— Э-э, мавляна Али Кушчи… Ассалям алейкум, хвала вам, хвала!
Али Кушчи не поверил глазам: в рубище нищего, в этой изодранной тюбетейке предстал перед ним известный в придворных кругах и во всей столице поэт Мирюсуф Хилвати. В последнее время Али Кушчи не видел его, и вот, оказывается…
— Что произошло, друг мой? Почему вы в таком наряде?
— Осторожность, осторожность, мавляна, — пропел Мирюсуф, озираясь по сторонам. — Береженого бережет всевышний. А благосклонный, отмеченный судьбою шах-заде может взять под стражу и посадить под замок не одного только родителя своего… Лихие времена, мавляна, ой лихие!
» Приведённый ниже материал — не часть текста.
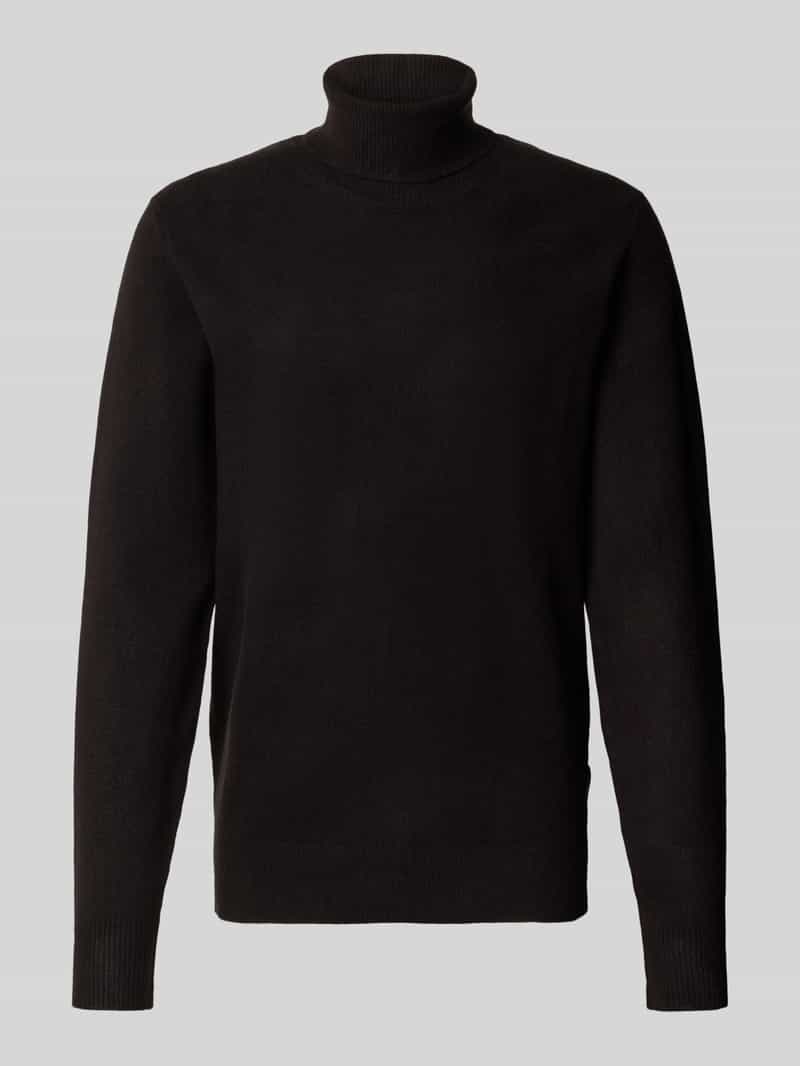 casual friday Gebreide coltrui model 'HEINE'
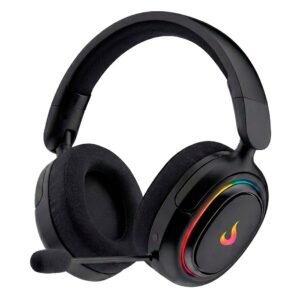 Headset Gamer Redragon Diomedes 7.1 Preto - H388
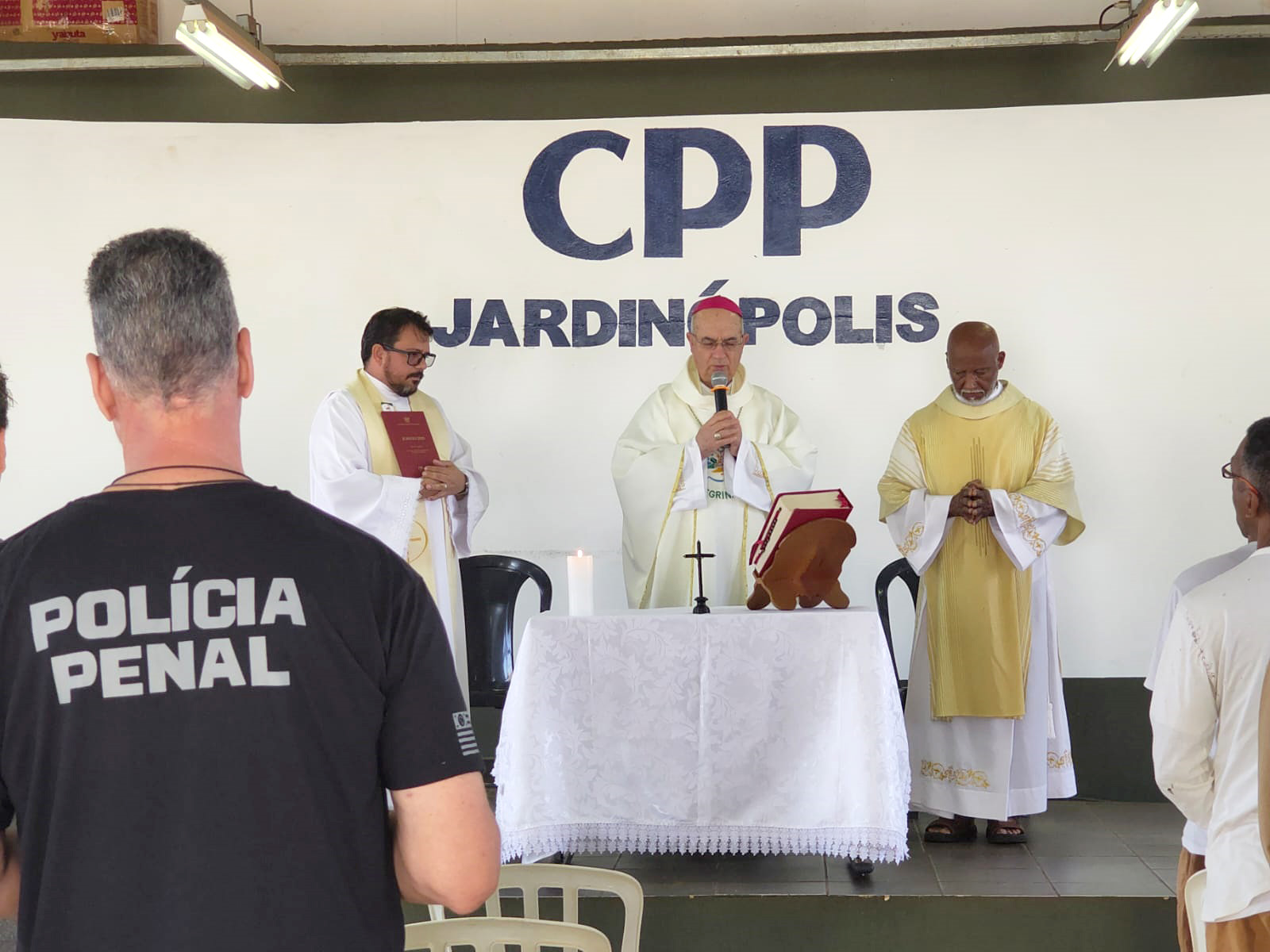 Foto ilustrativa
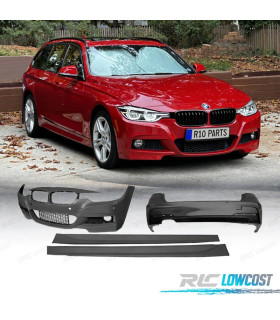 KIT DE CARROÇARIA BMW F31 TOURING LOOK M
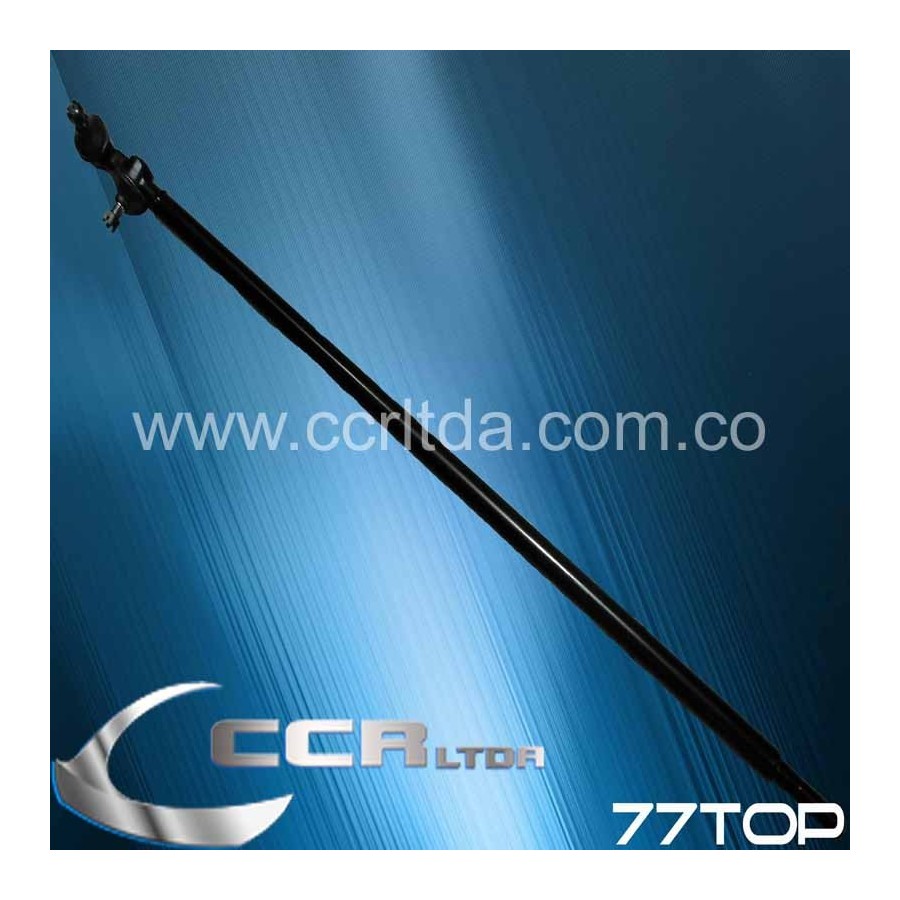 BARRA DIR. SAMURAI (LARGA 2 TERM X OJO)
Лучше уйти из города, лучше изменить облик… лучше исчезнуть на время с глаз людских. — И с этими словами Мирюсуф свернул в соседний узкий переулок.
«Родитель», «под замок», «шах-заде благосклонный», а ведь совсем недавно, на весеннем пиршестве у повелителя в «Баги майдан», пиршестве, на которое приглашены были и ученые, и поэты, и музыканты, пиршестве, где рекой лилось вино и стихи, где все наслаждались искусством танцовщиц и ими самими, — на том пиршестве Мирюсуф Хилвати с большим чувством прочитал стихотворение, посвященное повелителю-устоду. Али Кушчи до сих пор помнит:
И сколько их, льстецов и лжецов, среди придворных. Матушка Тиллябиби недаром плакала на плече мавляны, умоляя его покинуть город, спрятаться где-нибудь в укромном углу, переждать беду. Но он, Али Кушчи, шагирд Улугбека, его друг, не станет, не станет подобным какому-нибудь Хилвати, не отвернется от устода в тяжелую годину — он ведь не трус, он не мавляна Мухиддин. А если вдруг судьба повернется и снова окажется благосклонной к устоду? Что тогда будут делать, что запоют те, кто ныне изменил Улугбеку? Неужто опять будут низко кланяться, воспевать-восхвалять, презрев укоры совести и делая вид, будто ничего и не было?
«Чему тут удивляться, чем возмущаться, Али? Разве неверность — не вечное проклятие рода человеческого? Люди подчиняются разуму — так следовало бы считать, — разуму и совести, разуму и добру. А на деле — и об этом говорили много раз многие-многие поэты и мудрецы — люди подчиняются лжи и богатству, мечу и трону. А коли так, надо, пожалуй, не очень-то рассчитывать на разум людской, на чувство добра, якобы извечно присущее людям…»
Не считает он и устода, даже устода, полностью безгрешным и всецело добродетельным. Конечно, чаще всего Али Кушчи видел Улугбека в часы мудрого спокойствия, столь приличествующего ученому человеку. Но были минуты, когда повелитель преображался в существо дикое, по-дедовски яростное и несправедливое, — минуты, не постигаемые разумом, объяснимые разве что и впрямь тимуровской своевольной кровью.
В памяти нежданно всплыла давняя сцена — ее Али Кушчи не мог вспоминать без содрогания и стыда, гнал, бывало, ее от себя, да вот сейчас почему-то дал свободу воображению.
Случилось это в тот далекий год, когда обсерваторию только начинали, закладывали фундамент, и они, молодые талибы медресе Улугбека, ходили помогать строителям. Водительствовал ими незабвенный Кази-заде Руми. Однажды подходили они к холму, где возводилась обсерватория, и уже издали слух их поражен был чьими-то отчаянными стенаниями, перебиваемыми яростными криками и руганью… кого бы? — повелителя, устода Улугбека! Зрелище, открывшееся взорам талибов, когда они со скоростью вихря взбежали наверх, было невыносимо: распаленный, весь какой-то взлохмаченный Улугбек, стоя на груде сваленных как попало кирпичей, избивал тяжелой плетью с металлическим наконечником пожилого строителя-каменщика, согнувшегося, обнаженного до пояса. Руками каменщик пытался хоть как-то прикрыть лицо и голову, но и по бритой его голове, потным, дрожащим плечам и рукам, а уж тем паче по спине гуляла зловеще свистящая плеть, и темно-красные следы ее на человеческом теле были густы и страшны!
Кази-заде Руми поднялся на холм чуть позже талибов, так и остолбеневших при виде этого жестокого избиения. А наставник — в широко раскрытых глазах его, обычно скромно опущенных долу, на сей раз гнев, протест, смятение! — кинулся вперед и крикнул резко: «Повелитель! Недостойно… недостойно вас!»